## [Task details]
Pictures must not appear in your answer. Write out exactly the lines from the one with "Cordelia Full/Queen Bunk Bed" through the last line of the entries below.

## [The records]
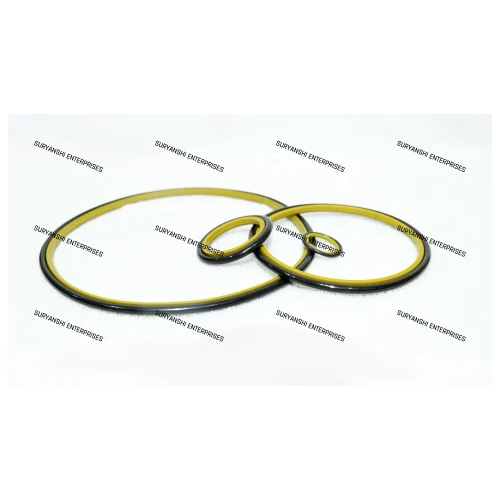 HBTS Rod Seal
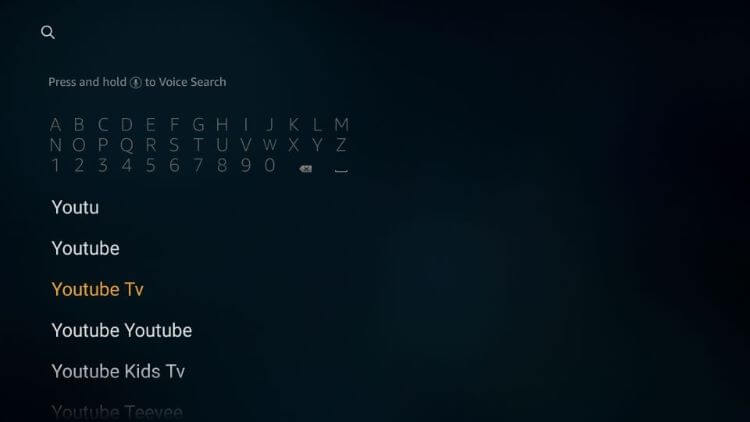 How To Install Youtube Tv On Firestick Fire Tv Sept 21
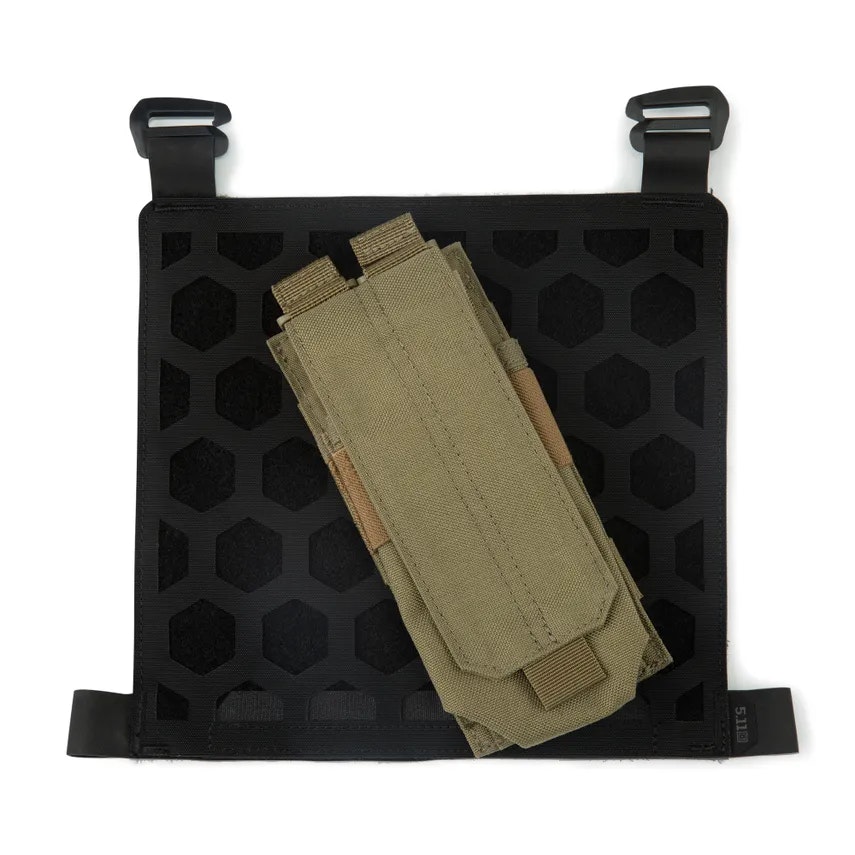 5.11 - HEXGRID 9X9 Gear Set - Black (019)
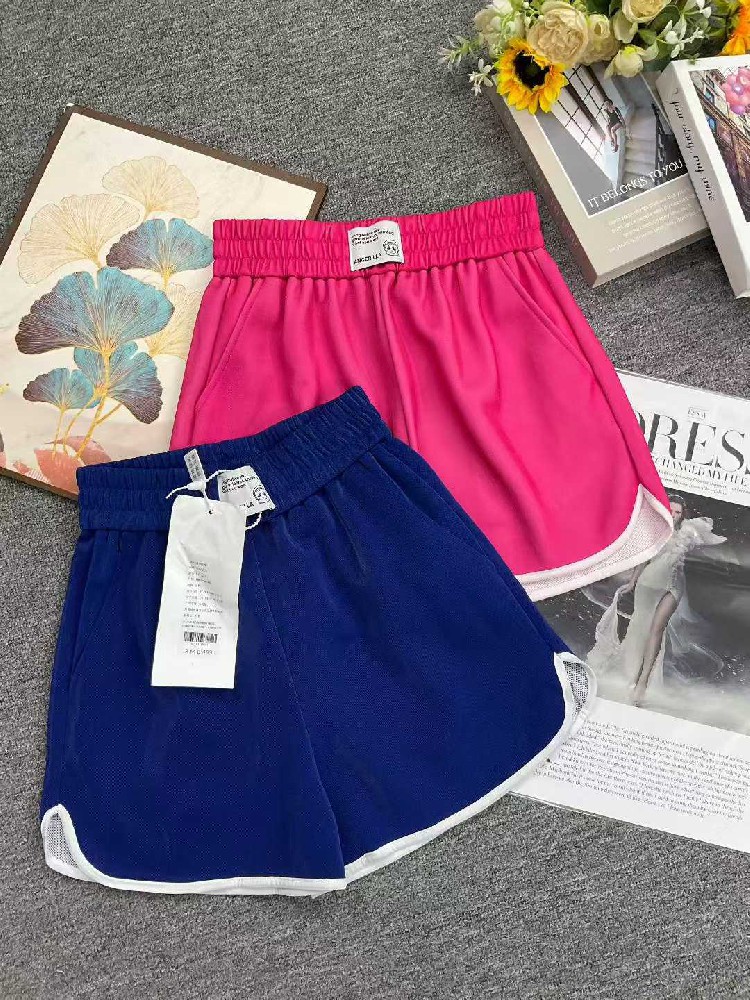 (DT)Summer New Arrival: Korean-Style Women's Sport Shorts (1,473pcs Ready!)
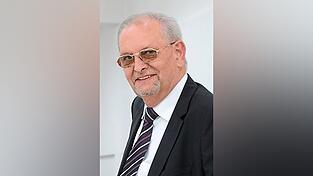 Klaus Michael Weber Klaus Michael Weber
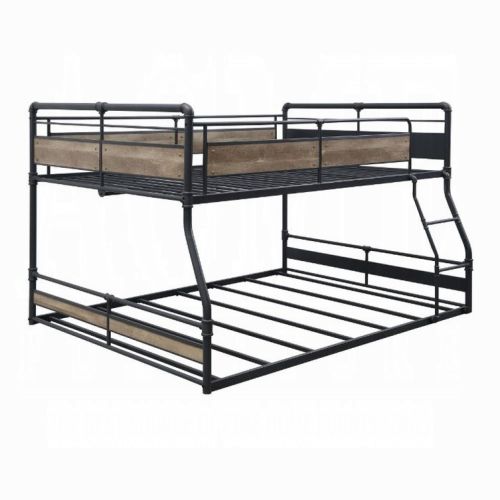 Cordelia Full/Queen Bunk Bed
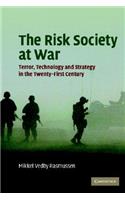 Risk Society at War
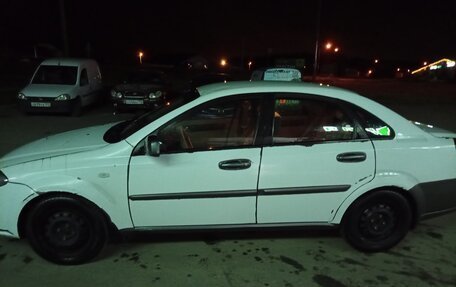 Daewoo Gentra II, 2015 год, 350 000 рублей, 2 фотография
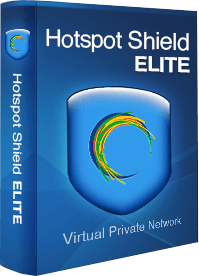 Hotspot Shield VPN 12.5.1 Crack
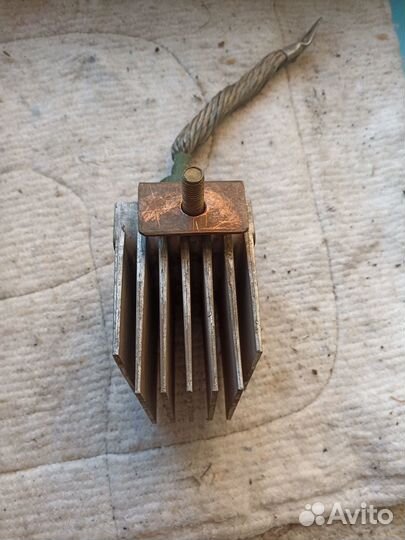 Силовые диоды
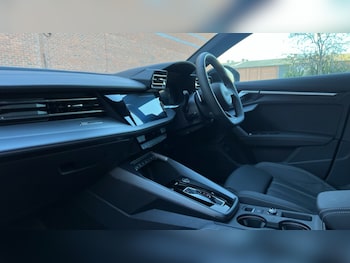 Used Audi A3 2025 for sale - 76507418: Photo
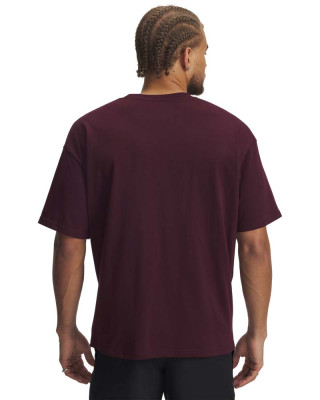 Tricou Barbati HWT U LOGO SS Under Armour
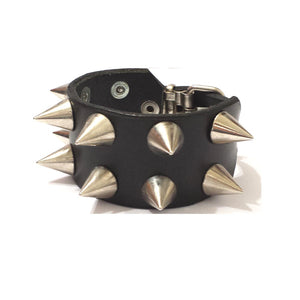 Muñequera Possessed of Metal - Metal Old Skull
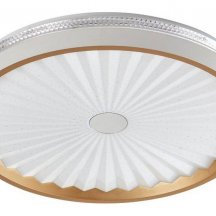 Потолочный светильник Arti Lampadari Bianco Bianco L 1.13.47 W
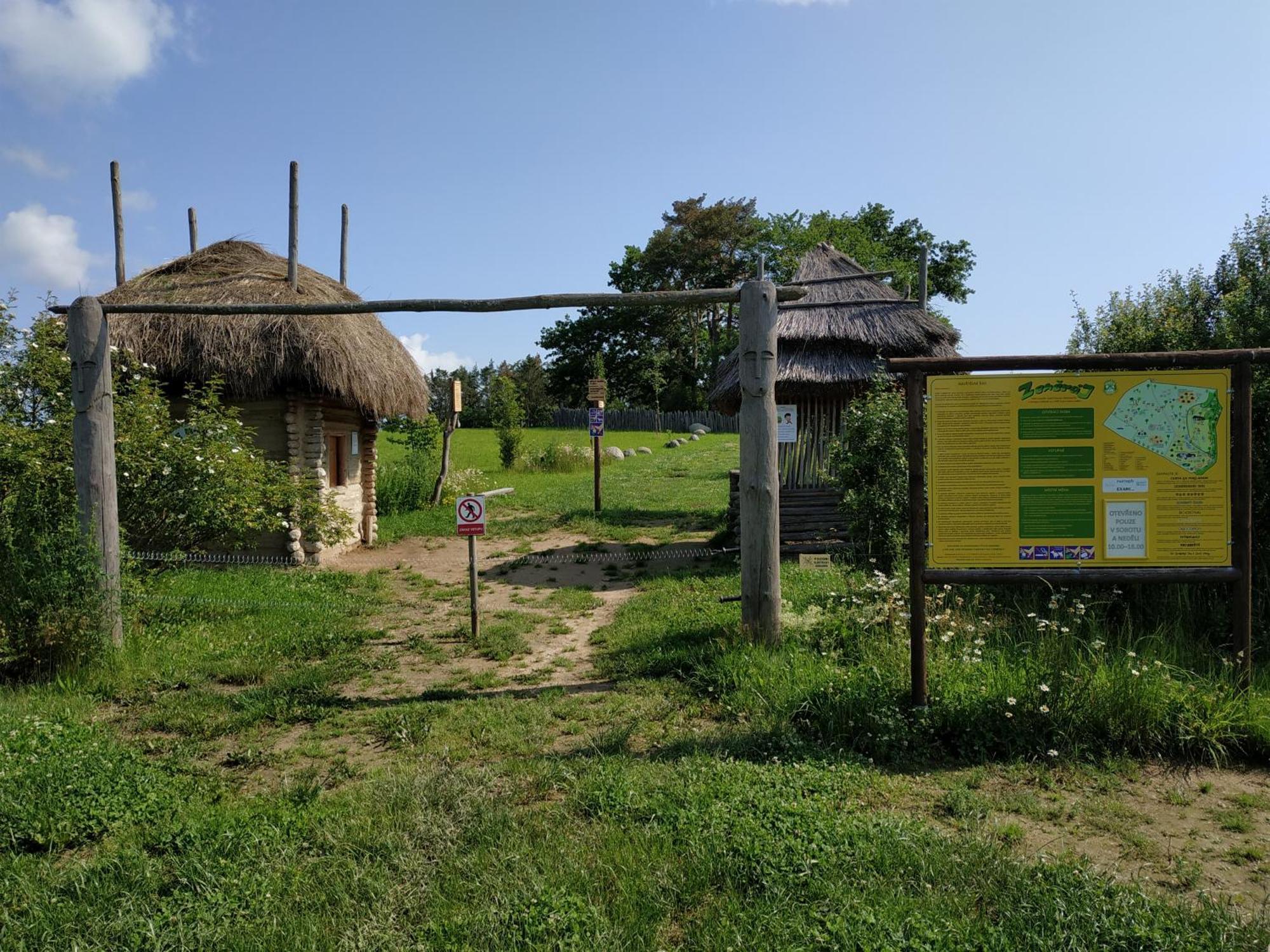 Sport-Radava Otel Kovářov Dış mekan fotoğraf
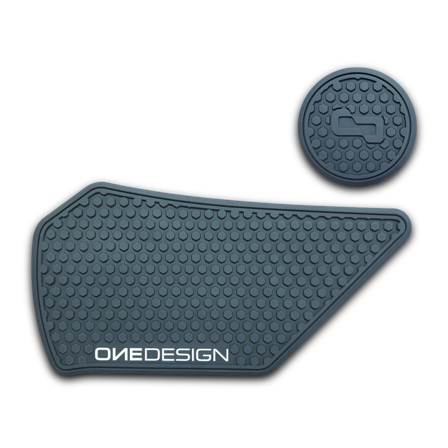 Seitenpolster OneDesign HDR - KTM 1290 Super Duke R 2014-2019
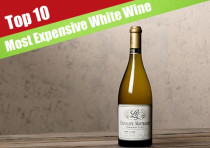 10 Most Expensive White Wine You Can Buy Right Now On Amazon
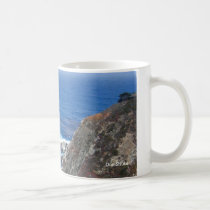 California Coast Mug mugs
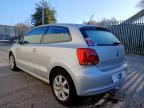 2010 VOLKSWAGEN POLO SE TDI 75  for sale at Copart CHESTER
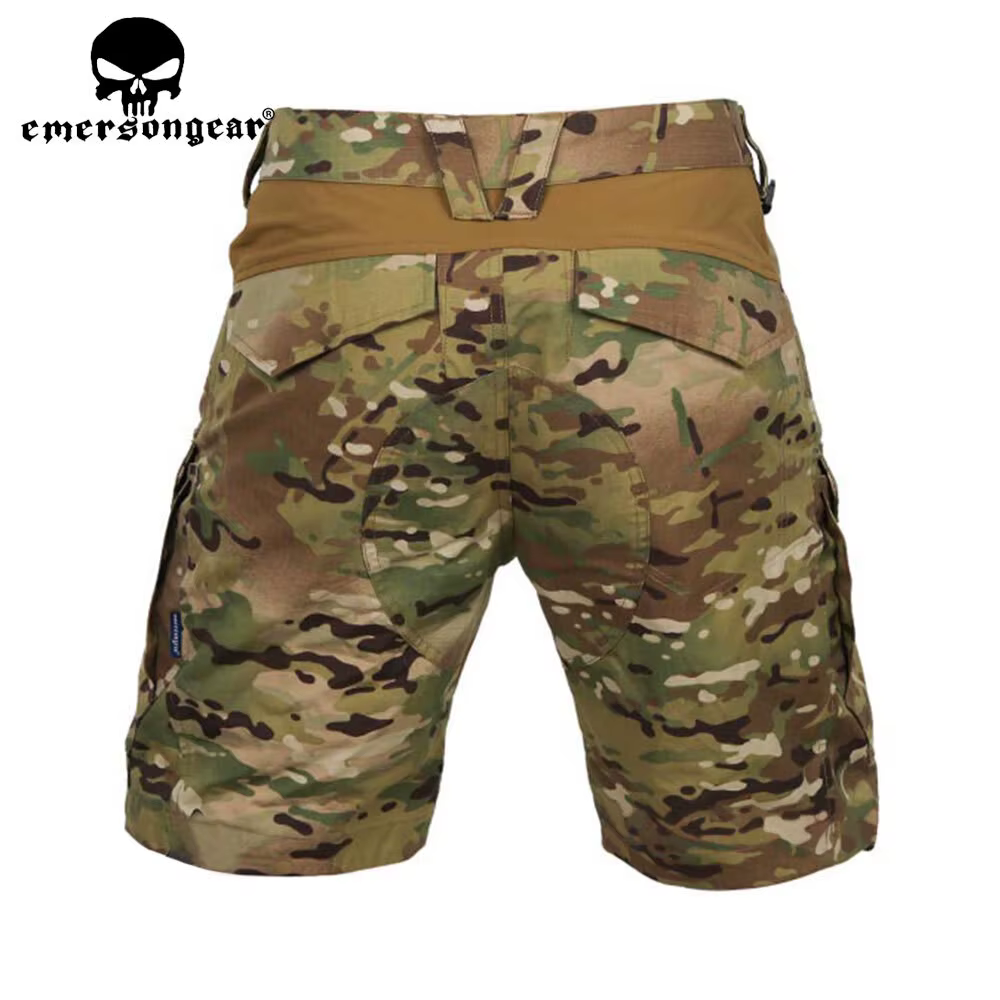 EmersonGear Short Táctico G2 Multicam - imagen 3
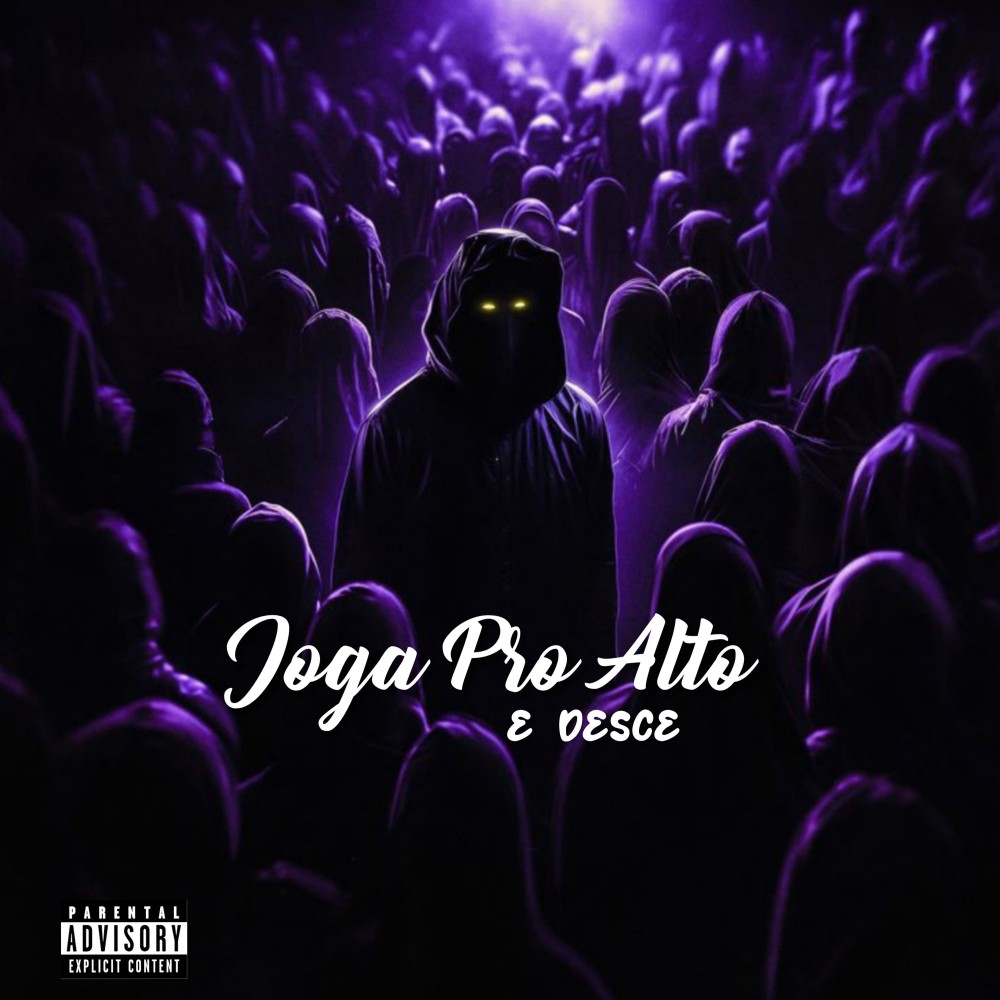 Joga Pro Alto e Desce (Explicit)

## [Exercise result]
 Cordelia Full/Queen Bunk Bed
 Risk Society at War
 Daewoo Gentra II, 2015 год, 350 000 рублей, 2 фотография
 Hotspot Shield VPN 12.5.1 Crack
 Силовые диоды
 Used Audi A3 2025 for sale - 76507418: Photo
 Tricou Barbati HWT U LOGO SS Under Armour
 Muñequera Possessed of Metal - Metal Old Skull
 Потолочный светильник Arti Lampadari Bianco Bianco L 1.13.47 W
 Sport-Radava Otel Kovářov Dış mekan fotoğraf
 Seitenpolster OneDesign HDR - KTM 1290 Super Duke R 2014-2019
 10 Most Expensive White Wine You Can Buy Right Now On Amazon
 California Coast Mug mugs
 2010 VOLKSWAGEN POLO SE TDI 75  for sale at Copart CHESTER
 EmersonGear Short Táctico G2 Multicam - imagen 3
 Joga Pro Alto e Desce (Explicit)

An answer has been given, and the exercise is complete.